Cidade grande
Por Elifas Andreato*
Um dos meus sonhos de criança era conhecer a cidade grande que via nas fotos das revistas trazidas por meus tios do comércio, junto com as compras do mês. Como não sabia ler, eram as fotografias que me assombravam de encantamento. Nelas havia um mundo extraordinariamente grande, com altos e belos edifícios, automóveis, praias, lindas mulheres quase despidas e muita gente no mesmo espaço.
À noite, eu deitava no assoalho para contemplar aquelas imagens, tingidas de sépia pela luz do lampião a querosene. Para mim, porém, elas eram coloridas. Gastava horas imaginando as cores dos automóveis, das roupas, dos edifícios, e adormecia sobre as fotografias de um mundo que parecia impossível conhecer um dia.
Sempre que os tios voltavam de viagem, eu ouvia atento, sem piscar, os relatos daquele universo distante. E de todos escondia meu segredo: um dia eu conheceria a cidade grande.
Quis o destino que meu pai adoecesse e se mudasse para São Paulo. Os quatro filhos mais novos o acompanharam. Eu e Eurípides chegamos um ano depois. Pensava na doença do pai, mas era mais forte a ansiedade por conhecer finalmente a grande cidade. Na chegada, ela já dava os primeiros sinais de existência. Pela janela do trem, eu via na paisagem algumas casas correndo na direção contrária, mas ainda não era a grande cidade.
Não lembro em que estação o trem parou. Lembro-me apenas que quando a porta abriu, fiquei paralisado ao lado de meu irmão, que tremia de medo. Tudo era tão grande, tão assustador, tão diferente das fotografias que me fascinavam. Naquele momento, intuí que as imagens dos meus sonhos eram de outra cidade.

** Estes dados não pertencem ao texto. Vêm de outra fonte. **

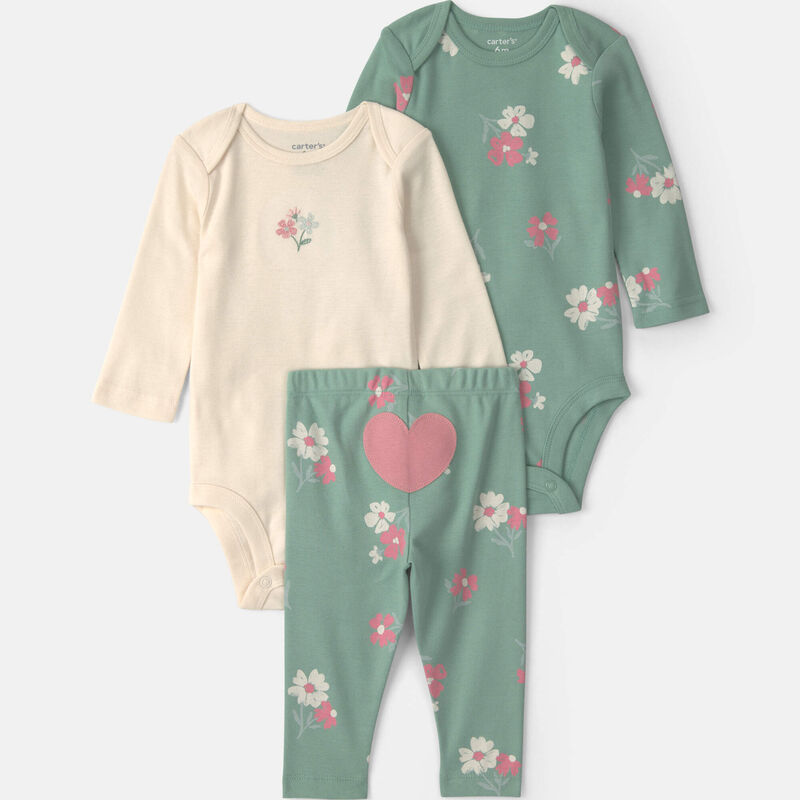 Baby Girl 3-Piece Heart Floral Long-Sleeve Bodysuit & Pant Set - Green/Cream | Carter’s Oshkosh Canada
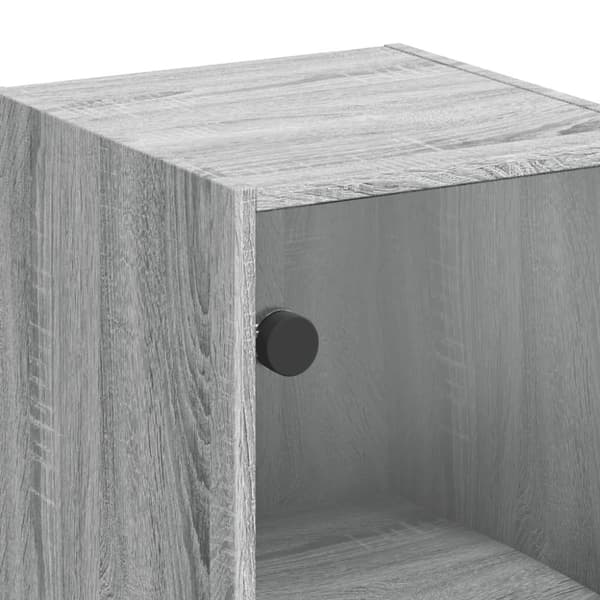 vidaXL skab med glaslåger 35x37x68,5 cm grå sonoma-eg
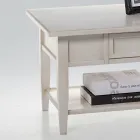 Coffee table with drawer and shelf in patinated wood Made in Italy - Tuoni Viadurini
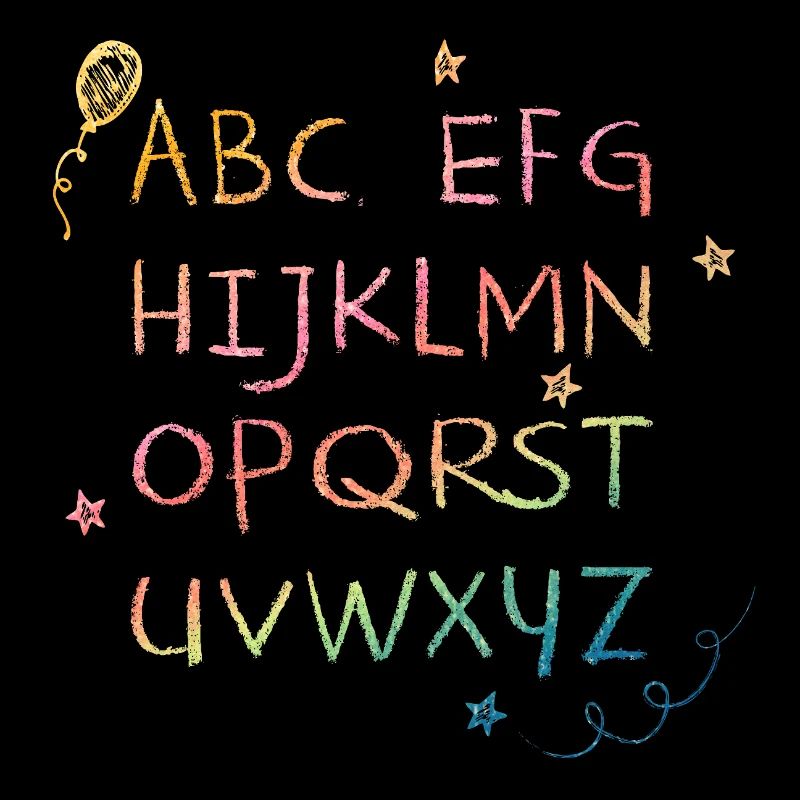 Regenbogen Kreide-Alphabet mit Sternchen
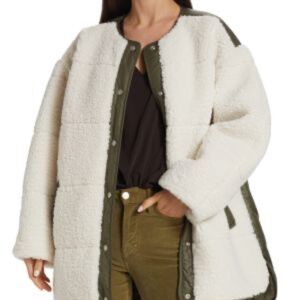 Frame Women's Oversized Sherpa Army Jacket White Faux Shearling Coat SMALL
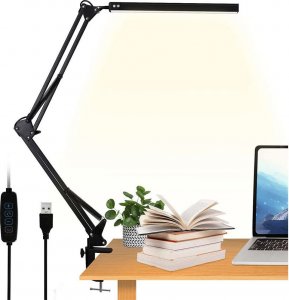 Lampka biurkowa Alogy Lampa lampka biurkowa LED Kreślarska USB Alogy z regulowanym długim ramieniem do blatu biurka Czarna 1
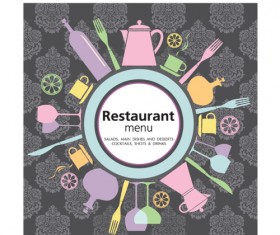 Retro Restaurant Menu cover design art vector 01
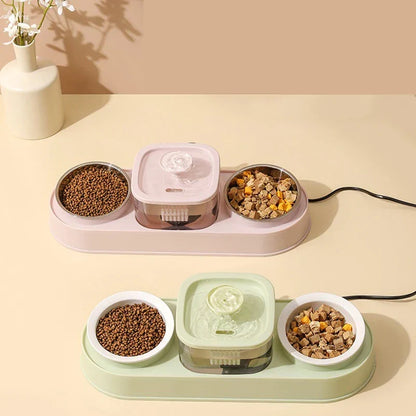 Automatic Pet Feeder 200ml Portion Double Bowl Stainless Steel Food And Water Station Fall 2025 Anti Slip Simple Clean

Resgatado da paralisia por um amigo de meu pai, eu só conseguia caminhar olhando para o chão. Meus olhos não estavam prontos para ver o céu, como fazia no interior, sonhando outro futuro.
Assim, vestindo calça curta, suspensório cruzado e calçando uma velha alpargata de lona com sola de cordas, cheguei a São Paulo em outubro de 1958. Desde que encarei pela primeira vez a grande cidade, mesmo sabendo que sonhos podem ser também pesadelos, nunca mais parei de sonhar.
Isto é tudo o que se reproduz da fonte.